■ Data to use ■

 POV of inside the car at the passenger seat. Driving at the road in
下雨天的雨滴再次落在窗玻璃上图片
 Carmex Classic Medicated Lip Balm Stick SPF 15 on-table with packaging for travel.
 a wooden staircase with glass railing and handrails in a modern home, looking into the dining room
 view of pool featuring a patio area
==
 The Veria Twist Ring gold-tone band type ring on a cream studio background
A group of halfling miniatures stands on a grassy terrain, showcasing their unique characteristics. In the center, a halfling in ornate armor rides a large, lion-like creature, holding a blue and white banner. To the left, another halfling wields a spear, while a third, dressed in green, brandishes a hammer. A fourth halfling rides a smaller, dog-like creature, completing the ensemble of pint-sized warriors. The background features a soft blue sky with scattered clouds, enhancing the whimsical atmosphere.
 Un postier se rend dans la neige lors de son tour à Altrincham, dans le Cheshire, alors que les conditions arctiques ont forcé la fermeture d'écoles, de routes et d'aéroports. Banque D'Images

■ To do ■
The required output is the stretch of entries above from the line containing "Carmex Classic Medicated" through the line containing "view of pool featuring a patio area", reproduced exactly.

■ Problem solution ■
 Carmex Classic Medicated Lip Balm Stick SPF 15 on-table with packaging for travel.
 a wooden staircase with glass railing and handrails in a modern home, looking into the dining room
 view of pool featuring a patio area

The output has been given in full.